HB 96 by state Rep. John Bel Edwards would repeal
the age restriction on service currently for state and local judges. Now, they
cannot run for office if they would be sworn into it after their 70th
birthday. This joins on the ballot a pair of other clunkers, one that locks the
state into spending more on nursing homes even as their need becomes reduced,
creates pressure for tax increases, and/or increases the threat of legal action
against the state, and another that has the
effect of increasing bureaucracy and the size of government with the
establishment of an unneeded cabinet department.
Opposition mainly is driven by
existing judges themselves, as they enjoy the job’s flexibility,
stability, high rate of pay for work required, but perhaps most importantly
because of the power they can wield politically, especially in rural areas,
which allows them to parlay the infrequent elections to them into almost never
losing reelection. Thus, they resent forcible retirement from these plum
positions, and legislators are more than happy to assist them because among the
roughly third of the Legislature that are lawyers, many eye post-legislative
careers either as judges or elected to offices that work with them regularly.
Supporters of the idea of no
mandatory judicial retirement age couch their arguments in terms of a limit
being arbitrary and discriminatory against those wanting to be judges in that
no other elective office has such a requirement. They say that rather than
having a blanket restriction to reduce the chances of infirmity from diluting
judicial decision-making quality, that sufficient internal mechanisms within
the judiciary can police itself of this if this crops up.

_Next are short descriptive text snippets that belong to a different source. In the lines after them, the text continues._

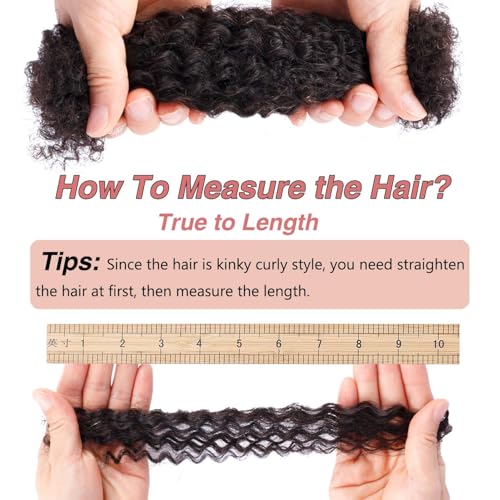Afro Kinkys Bulk Human Hair for Braid Braiding Mini Twist Locs Dreadlock Extensions Afro Kinky-Curly Human Braiding Hair Bundles For Men Women Kids 14 Inch 4 Bulk 120g 1B Natural Black Easy to Install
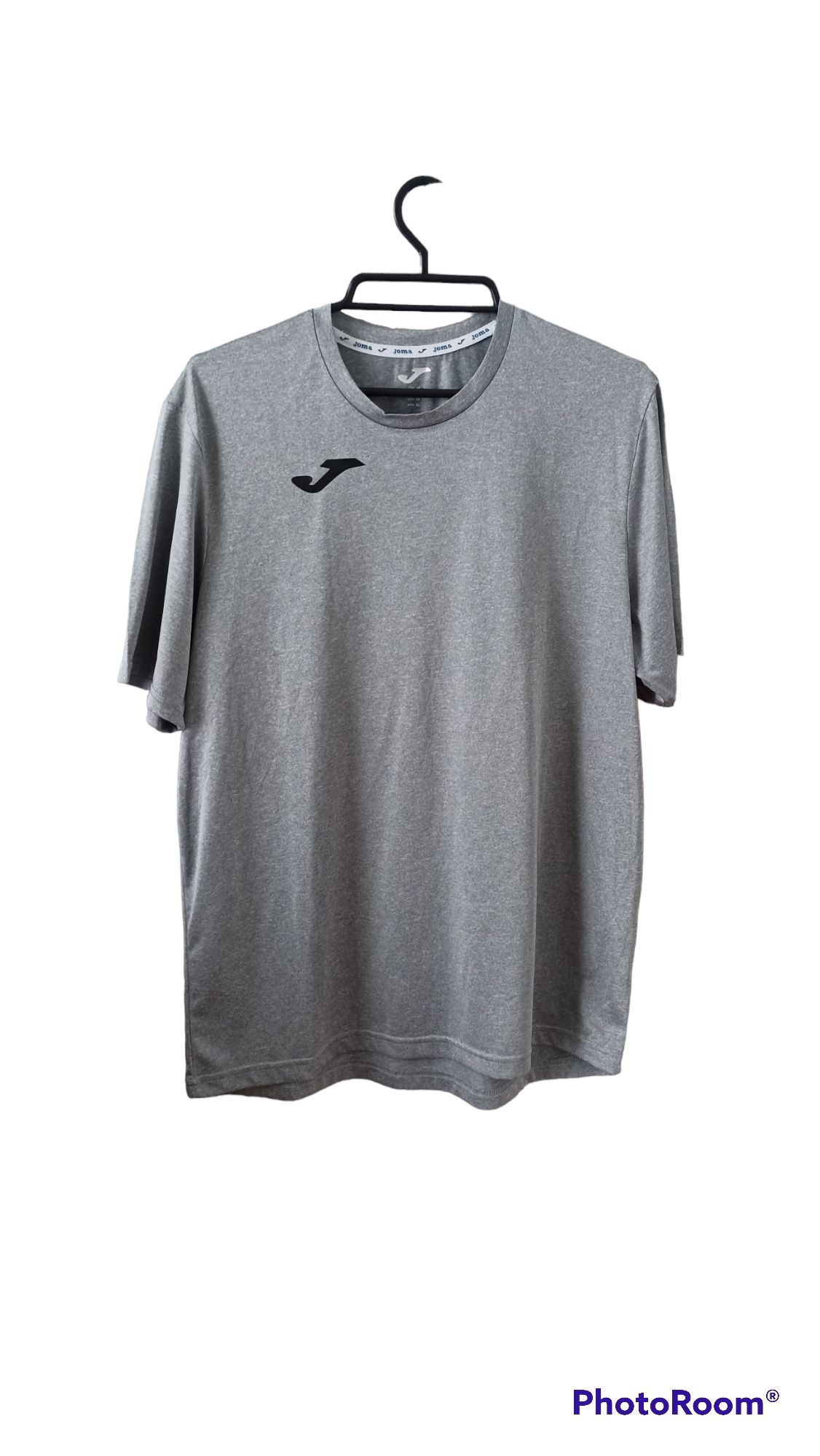 Koszulka męska piłkarska na siłownie sportowa szara czarna Joma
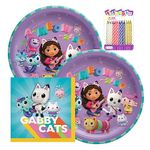 Gabby's Dollhouse 9" Plates and Luncheon Napkins Serves 16 - Durable, Leak Proof, Cut Resistant Party Supplies for Toddlers, Girls, Kids, Children - Gabby Dollhouse Party Decorations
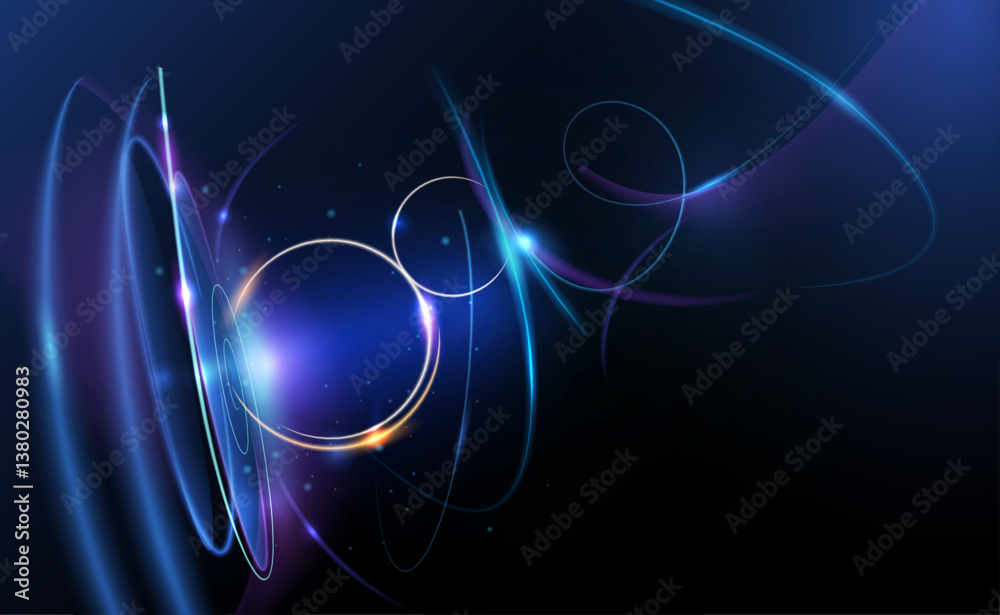Poster Illustration vector abstract chaos, gold wave line pattern, flow line and particle dot on dark color background. Modern futuristic, design for background. Digital high tech, energy technology concept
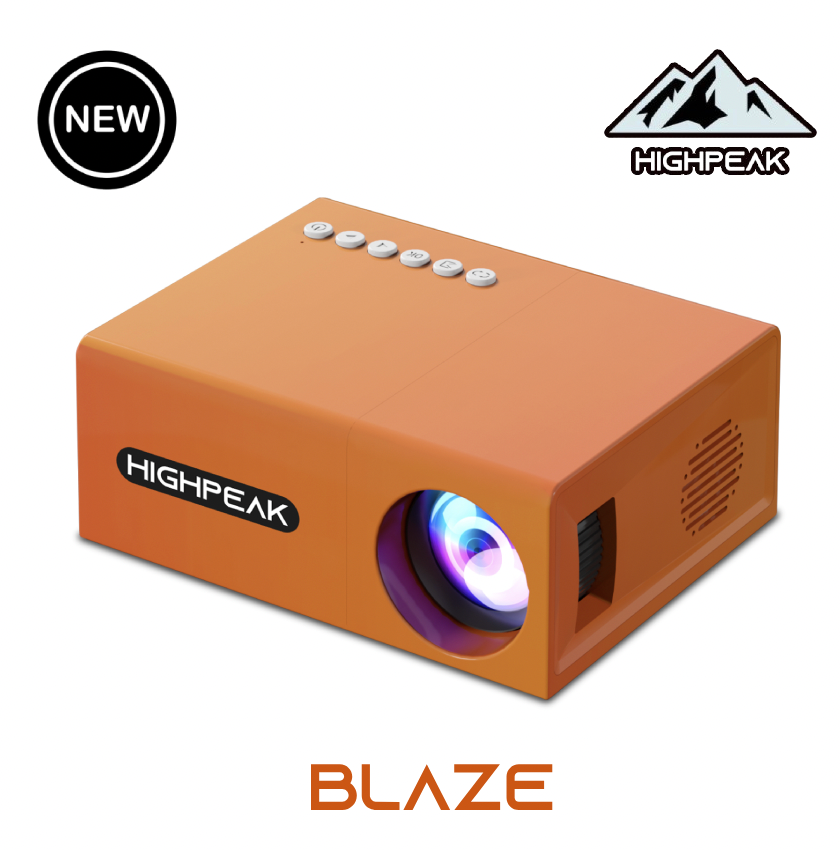 HighPeak MiniProjector SMART in orange casing with LED lens, control buttons, and compact design - modern home theater device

However, an age limit carries
more compelling benefits, many laid out by the U.S. Third Circuit Court of
Appeals 1980 decision in Malmed v. Thornburgh. This overruled
a lower court decision declaring that such state limitations unduly restricted
rights of those individuals above an age limit from contesting judgeships. It
decided that states had a number of valid reasons why they should have latitude
to do this. They include the reticence of disabled judges to retire of for the
state to pursue this where a limit might save government the effort and the
judge embarrassment of going through a lengthy removal process, a desirable
refreshing of human resources into this service as well as in a practical sense
presenting opportunities for job promotion, creation of a cadre of retired but
capable judges to fill where caseload demand or disability of other judges
dictated, and the precedent set by other kinds of government employees having
mandatory retirement ages. It also noted that capable judges on senior status
actually could draw more compensation – not just the stipend for hearing cases
on an ad hoc basis, but additionally
their pensions forced upon them because of their retirements.
During committee
hearings on a related bill, testimony emphasized an additional point: that in
rural areas judges were better insulated from voters, making it more difficult
for them to ascertain judicial fitness, and that if disability occurred without
a retired judge in the area (presuming he was willing), it costs more to bring
in a replacement from elsewhere. Also noted was that natural reluctance existed
for the judiciary to police itself on these matters, verified in that in the
past 15 years, only a very few judges were petitioned for removal from the
bench by the judiciary’s enforcement arm the Judiciary Commission to the
Supreme Court, apparently for chronic intoxication from drugs or alcohol. That
none appear to have been discharged for senility speaks both to the
effectiveness of the current limit and/or where it has happened of this
reluctance to take such a public action, despite the costs it might have to the
system of justice.
For while there are a number of
practical reasons for this reasonable circumscribing of individual judges’ and
voters’ options, maybe the best is encapsulated by a point emphasized by the
Third Circuit’s ruling in noting the rationality behind Pennsylvania’s limit,
in that one bad judge can undo the efforts of a hundred excellent ones. While
an imperfect indicator, indisputably advanced age correlates with weakening
performance, both mentally and physically. With justice in the balance and
lives at stake, every effort must be taken to ensure that the highest quality
of justice is delivered. With stakes so high, it’s not too burdensome to have
older judges defer. Defeating this amendment reaffirms that worthy purpose.